→ EXERCISE AIM
What are the lines from the top of the entries below through the line containing "Sparky - Adult Cat Food with Beef - 415g"? Return them exactly, both ends included, without the pictures.

Collection entries:
• • • • •

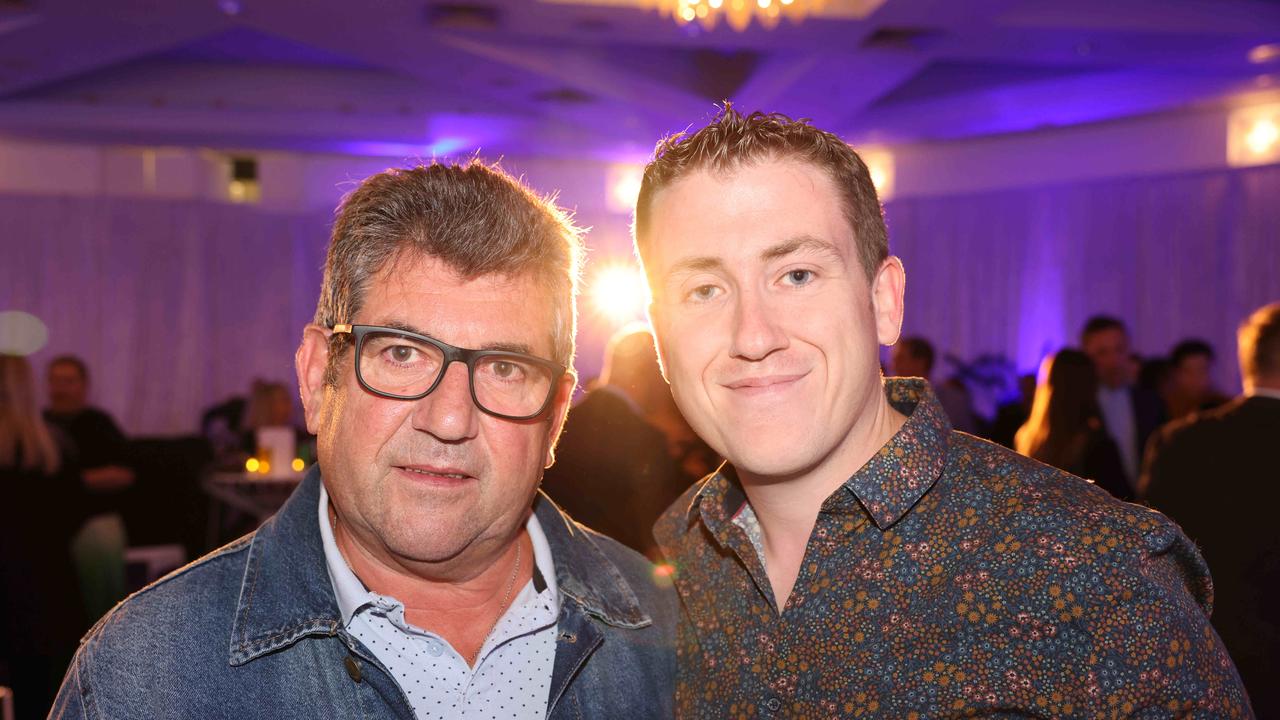 Jean Luc Gallay and Yvan Gallay at the 2024 Gold Coast Marathon welcome function at Crowne Plaza Surfers Paradise for Gold Coast at Large. Picture, Portia Large.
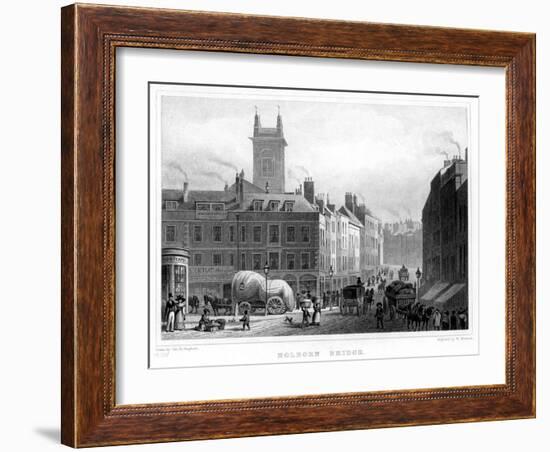 Holborn Bridge, London, 1831-William Woolnoth-Framed Giclee Print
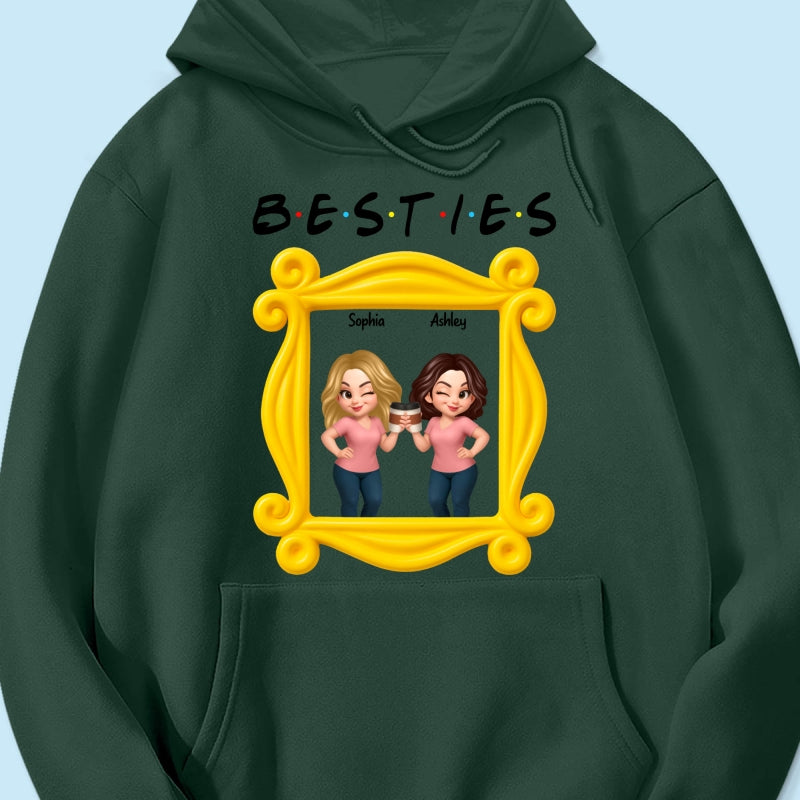 Best Friends Personalized Funny Matching Shirts, Sweatshirts, Fall Gift for Best Friends
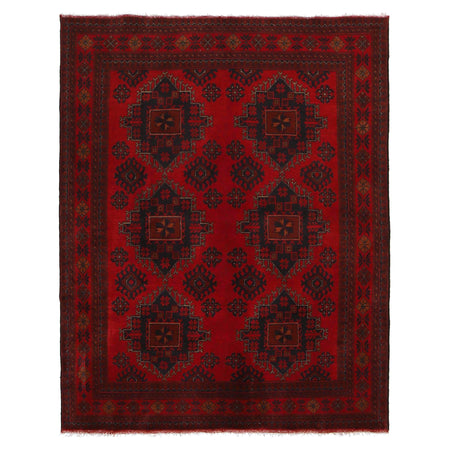 Red Khal Mohammadi Rug 4' 10" x 6' 5" ft / 147 x 196 cm - No. W34103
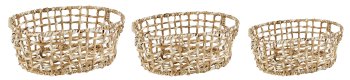 Korb Milton 3er Set oval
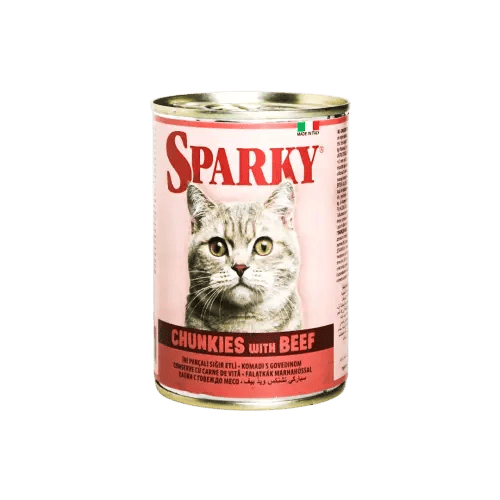 Sparky - Adult Cat Food with Beef - 415g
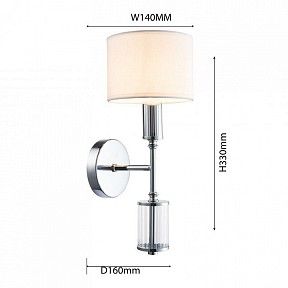 Бра Favourite Laciness металл арт. 2607-1W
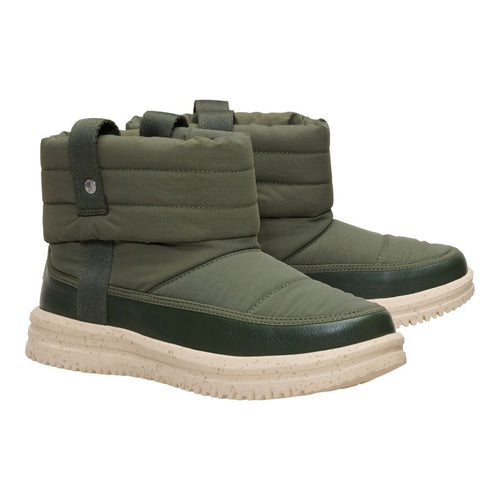 Camden Cuff Nylon Quilt - Dark Olive - 2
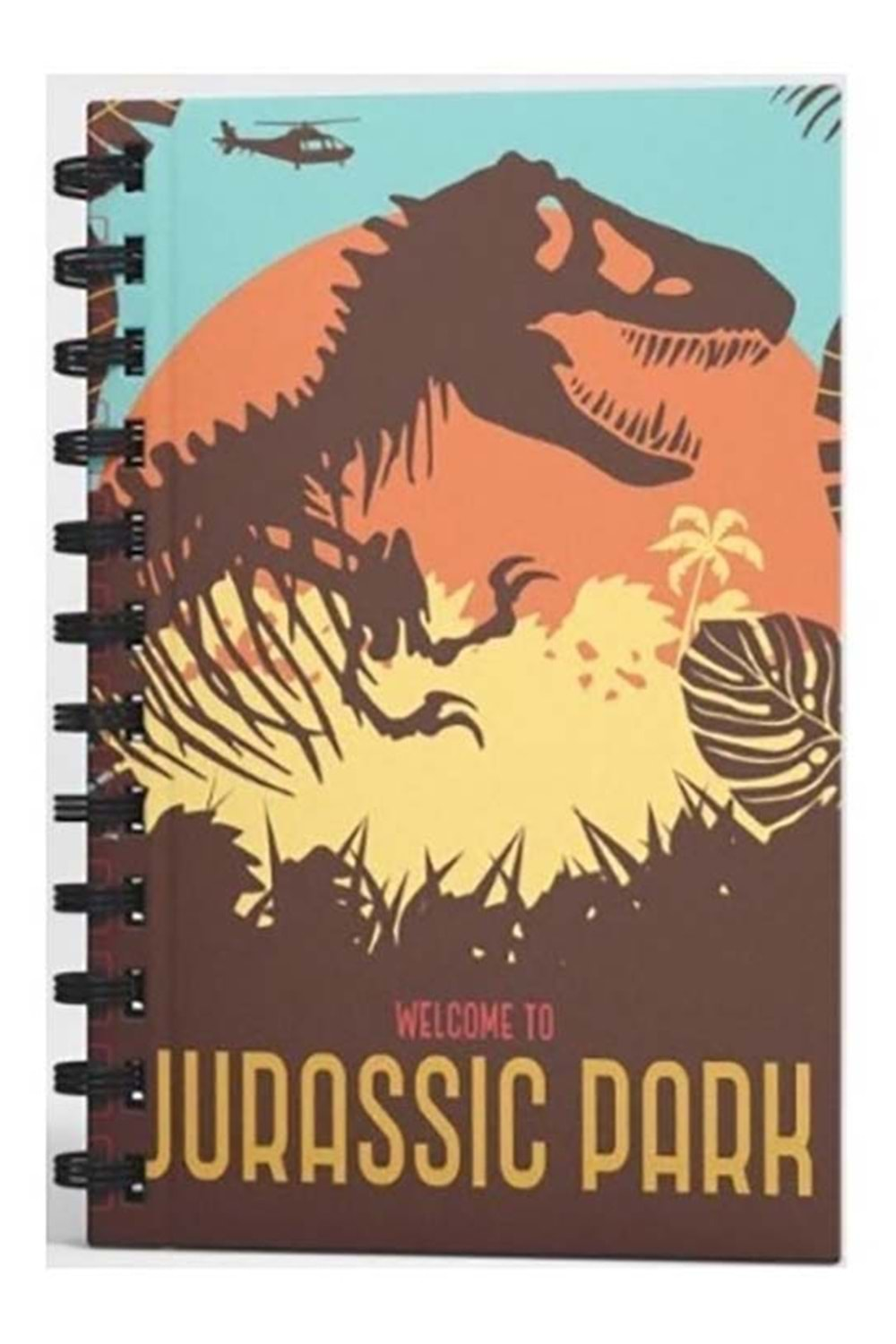 Jurassic Park Spiralli Sert Kapak Defter Çizgili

• • • • •

→ RESULT FOR THIS EXERCISE
 Jean Luc Gallay and Yvan Gallay at the 2024 Gold Coast Marathon welcome function at Crowne Plaza Surfers Paradise for Gold Coast at Large. Picture, Portia Large.
 Holborn Bridge, London, 1831-William Woolnoth-Framed Giclee Print
 Best Friends Personalized Funny Matching Shirts, Sweatshirts, Fall Gift for Best Friends
 Red Khal Mohammadi Rug 4' 10" x 6' 5" ft / 147 x 196 cm - No. W34103
 Korb Milton 3er Set oval
 Sparky - Adult Cat Food with Beef - 415g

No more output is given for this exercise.